There is a document from the Free Church of Scotland called The Sum of Saving Knowledge. The title is interesting. The subject is the way of salvation. But the title can be misleading. The sum of saving knowledge is not a summary of every little thing you must know to be saved. It is a sum of knowledge of Christ, who is the savior who offers himself to sinners. To know him is saving. Just like we cannot separate Jesus himself from the benefits above, so here we cannot separate Christ from the doctrines about Christ. Again, the antinomian is about the doctrines, but does not know Christ as the savior and rip his heart out of his chest and place it in his saviors hands and say, “here, keep it beating!” That’s the trust we have in Christ, personally, He is the Savior, and we trust Him because He alone is.

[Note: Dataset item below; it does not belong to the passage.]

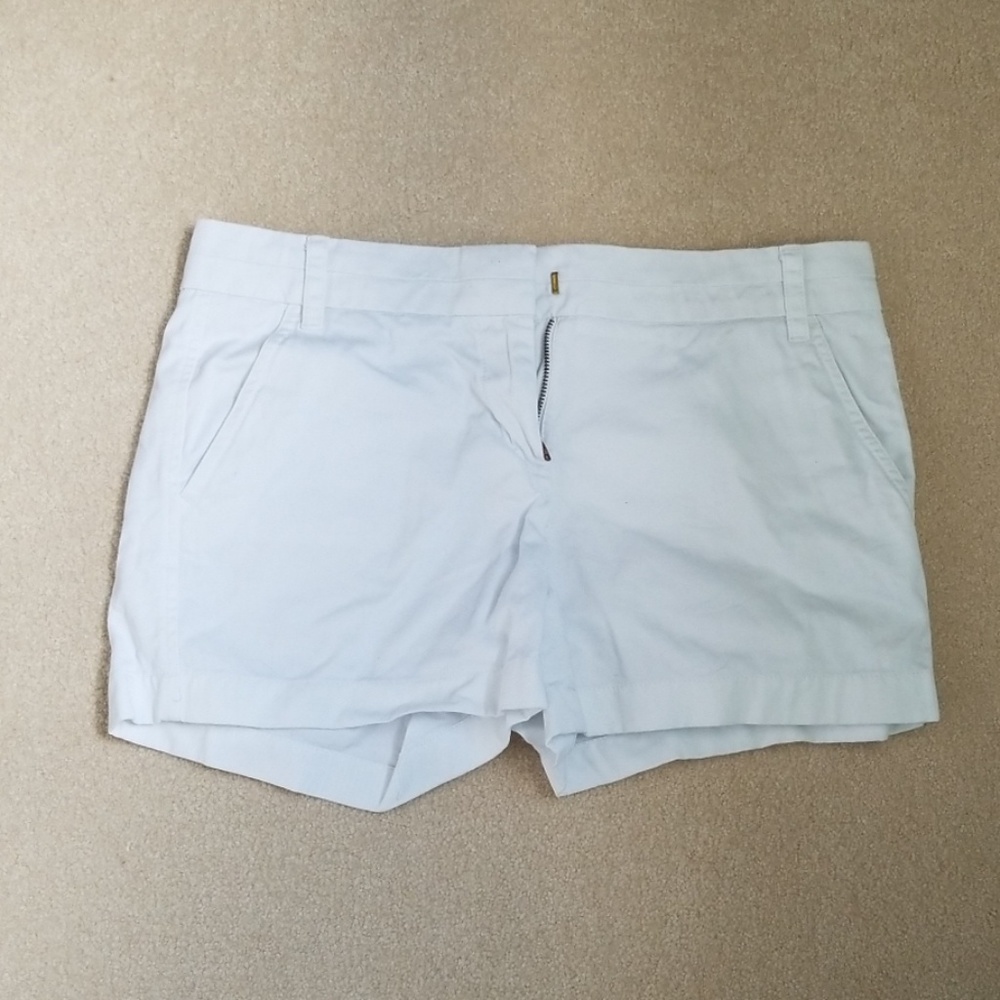 J crew chino shorts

The point of this article then is to have assurance. The question is then: how may one develop assurance. The first way is by knowing the Triune God. God is not just God. God is Father, Son, and Spirit. These names reveal relationship. Relationship to one another, and relationship to us. God is our Father. We pray to him personally as Our Father who art in Heaven. Those are not magic words, used to get what we want in prayer, but communion with Him, relation to Him. The Son is Jesus Christ our mediator and Savior, whom we know as Savior, King, risen and almighty and working in His Church. He relates to us in the Supper especially. We take communion not just to remember, but to remember in His presence. Just like the Apostles did. They ate with him. So do we. That is relationship communion. The Spirit is the Spirit of God, who relates to the Son and the Father as the Spirit of Knowledge. As a humans soul knows his own self, so the Spirit knows the Father and the Son, and makes him known. The point here is the see that God is Triune and is to be known.

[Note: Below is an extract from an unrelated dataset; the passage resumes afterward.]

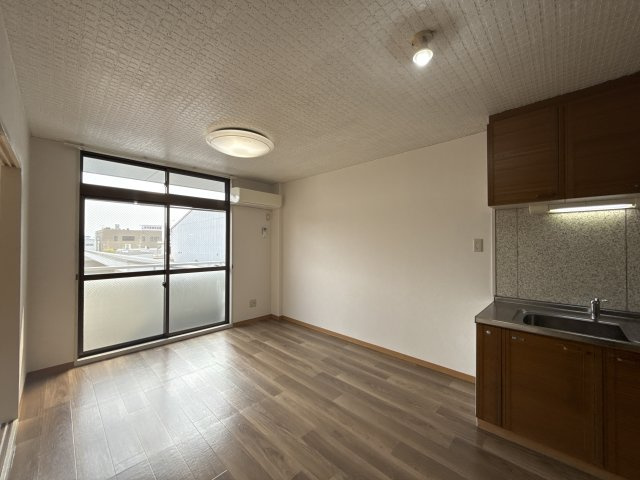 ルネシャルトＢの内装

An extension of this is trusting Christ, not self, and not a bare doctrine or promise from a preacher, but the personal God who speaks a promise of salvation in himself to all who ask (yes he uses preachers, but one is not to trust the preacher, but to trust Christ who’s word the preacher speaks). A promise is only as good as the man who makes it, to quote Tommy Callahan. Jesus makes good on His promises, and so we don’t just trust a promise, nor a preacher, but Jesus himself. Practice trusting in Christ knowing Christ. That will bring assurance. That was what brought both of the stories in the beginning out of the darkness into the light.

Another way we can grow in the assurance is repentance. Now, this is not to lead us back into the dialectic and apparent legality of antinomians and legalists. They approach repentance as legality. We must approach it personally, and on the basis of the relationship we have with our Lord Jesus who is our savior. Repentance as personal love in devoted relationship to Father, and Son who bought with price, and Spirit who is present with us is a freeing experience, not bondage to law. It looks like this: “I love my Lord Jesus, and want to follow him. I have sinned. Forgive me loving Father who delights to have obedient children, and filled and empower me o Spirit, who never leaves and never forsakes me even when I sin, for I know in my sin you are still present convicting me. Rule me Lord Jesus, and use me for your kingdom work. You will be done in my life, for I was bought with a price.” It is totally different tone.

The same as the free offer of the Gospel to sinners is often confused by evangelicals by separating Christ from his benefits or Christ from the doctrines, so assurance suffers the same fate in their hands. The key is to join assurance to Christ Himself. He is the Savior, not an idea abstracted from him.